KR100290572B1 - Lightweight Ram for Improved Bodybuilders - Google Patents

Abstract

A ram that is utilized in high speed apparatus for forming elongated one piece metal can bodies from shallow cups is constructed by metallurgically bonding either a nose piece to a body or a tail piece to a body, the body constructed from a single integral piece having an elongated thin walled tube section with either a tail piece section or a nose piece section for connection to a drive means.

Description

Lightweight Ram for Improved Bodybuilders

In so-called two-piece metal containers, ie cans of the type very commonly used for beer / beverage, the main part or body comprises an elongated cylindrical side wall, an integral floor and an open ceiling. Such bodies are often redrawing blankholder positioning mechanisms suitable for cup-shaped article molders such as metal can body molders, such as US Patent 3,704,619, issued December 5, 1972 to E. Paramonoff. And U.S. Patent 3,735,629, "Integral Metal Can Body Forming Apparatus," issued May 29, 1973 to Paramonov, and United States, July 23, 1985, to S. Snyder and D. Dettmer. It is formed by drawing and ironing machines of the type described in the "container body production apparatus without joints" of patent 4,530,228. The devices described in the aforementioned patents manufacture can bodies from blanks, which are relatively shallow cup-shaped die packs consisting of a series of ring-shaped die elements with progressive openings formed therein. The body can be manufactured from the blank by driving the respective cup-shaped bodies so that the cup-shaped bodies pass therethrough. Each blank first passes through the largest opening, and each successive opening through which the blank passes is slightly smaller than the opening just before the blank passed.

Replaceable punches mounted to the front of the ram engage the cup-shaped bodies to drive each cup-like body through a die pack. The rear end of the ram is connected to drive means for reciprocating the ram along the longitudinal axis of the ram lying horizontally through a forward working stroke preceding the backward return stroke.

Conventionally, rams are made from a single piece of barstock. This causes severe difficulties in easily machining the interior of the hollow elongated main central part of the ram. This problem arises because the diameter of the axial passageways at both ends of the ram is limited to be considerably smaller than the diameter of the central portion which allows the central portion to have the required mechanical strength (without excessive wall thickness). Thus, in the prior art, the wall thickness of the main central portion is relatively larger than necessary to meet the strength requirements, so the ram was unnecessarily heavy.

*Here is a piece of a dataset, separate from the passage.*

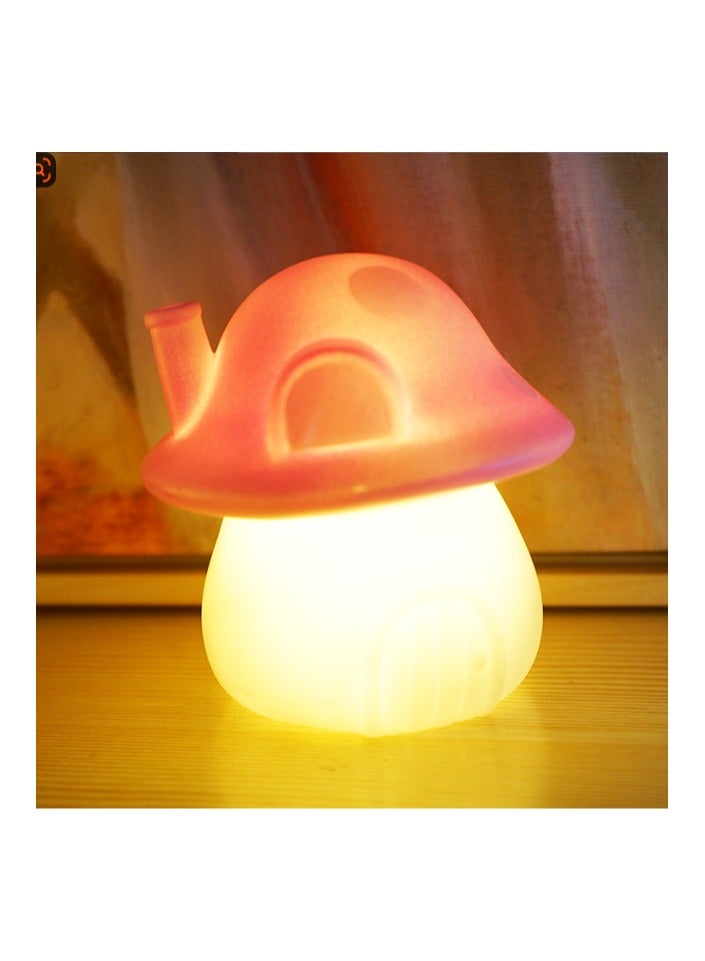 Cartoon Hat Star Nightlight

In US Pat. No. 5,208,435, a ram consisting of an elongated tube, a weld with a tail piece metallurgically bonded to one end of the tube and a nose piece metallurgically bonded to the other end of the tube This is provided. While such a ram is effective, the welds, in particular the tail parts, may be subjected to excessive stress in the welds, and the effects of these stresses are greater when the welds are defective.

FIELD OF THE INVENTION The present invention relates to the construction of rams for use in high speed devices for molding elongated integral metal can bodies from relatively shallow cup-shaped bodies, and more particularly to improved lightweight rams having high strength against stresses generated during operation of the body maker. will be.

1 is a side view partially cut away of a lightweight ram constructed in accordance with the teachings of one embodiment of the present invention;

FIG. 2 is a side view partially cut away of the body of the lightweight ram shown in FIG. 1. FIG.

FIG. 3 is an end view showing the body of the lightweight ram seen in the direction of arrow 3-3 of FIG.

4 is a side view partially cut away of the nose part of the lightweight ram of FIGS.

FIG. 5 is an end view showing the nose part of the lightweight ram seen in the direction of arrow 5-5 of FIG.

To produce a relatively lightweight ram, the present invention provides in one embodiment a unitary structure constructed by metallurgically adhering a nose part to a body, the body being an elongated thin wall having a shear section. And a one-piece part having a tubular part of and a tail part part formed to be connected to a drive means for reciprocating the ram along the longitudinal axis of the ram. In another embodiment, a single structure is made by metallurgically attaching the tail component to the rear end of the body, which body is operable by mounting a long thin walled tubular portion and a punch on the ram. It is made of one integral piece with a nose portion made for positioning. Preferably, the front and nose parts of the body, or the rear and tail parts of the body have overlapping portions and are assembled together by a shrink fit. Bonding is accomplished by welding, which achieves the same bond strength for all practical purposes and the strength exhibited by a ram made from one rod. Preferably, the wall thickness of the tube is chosen so that the weight can be minimized by not substantially exceeding the thickness required to provide sufficient strength for the ram to work. The reduction in weight obtained by welding two parts to form a ram is significant and increases the cyclic rate of the machine, thereby increasing the productivity of the can.

Accordingly, one object of the present invention is to address one or more defects of the prior art.

Thus, one aspect of one preferred embodiment of the present invention is to provide a relatively lightweight ram for a can body maker.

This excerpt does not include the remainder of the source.